What might interest a curious mind most may not be the secret itself, but rather the fabrication of lies around it. What to take in, what to spit out, that baffles me a lot.
I’ve entered that certain stage of mental instability of the year, the phase I prefer to shut myself out of everyone’s life, or in other precise words, shut everyone else out of my life. This is the 3rd year I’ve experienced it since it first dawned on me in the summer of my seventeen. At the age of seventeen, you don’t normally shut everyone else out of your life, it must have been that shock which left an indelible track of savage in my memory. And now every time summer comes, my mechanic defense just simply send out signals to behave accordingly, for self-protection sake. The good thing is, for adaptation, you kind of grow addicted to certain kind of madness. Apologies. Sadness I meant, indeed.

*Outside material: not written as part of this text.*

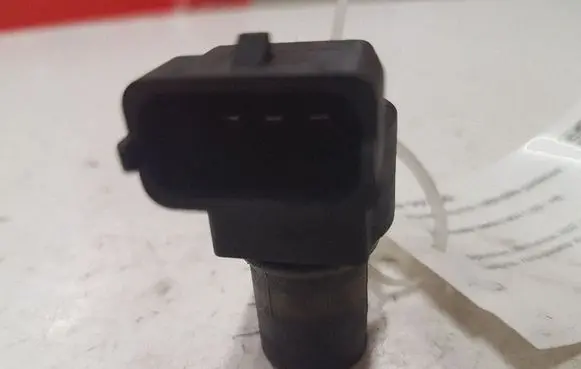 Mercedes-Benz E W211 Camshaft position sensor A0031539728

It must have been two year and a half since she last enjoyed ……….. How can a fully grown 19-year-old lady dodge off her own needs? What kind of fucking reason had robbed her off her own desire? Every night she commands troupe of thoughts sent out for quest of explanation…
Still no hints then.
Too long the wait to handle that the poor young lady can’t resist her hopelessness to fall into sleep. Thank whatever brings her to sleep she thought, maybe a ejection of sweet sensation will solve the problem, for the time being.
I just wonder what others might do when they find out abnormalities with their mental stage. Seeking professional advice from a specialist maybe? I already did that. They performed a miserable job that it somehow is ridiculously hard for me to restrain myself from the thoughts of laughing their heads off when considering themselves specialists.
No, I’m afraid I failed to pretend to sympathize with your problems. Too bad to have such a friend, she’s herself is too problematic with her own problems to be helpful at needed time.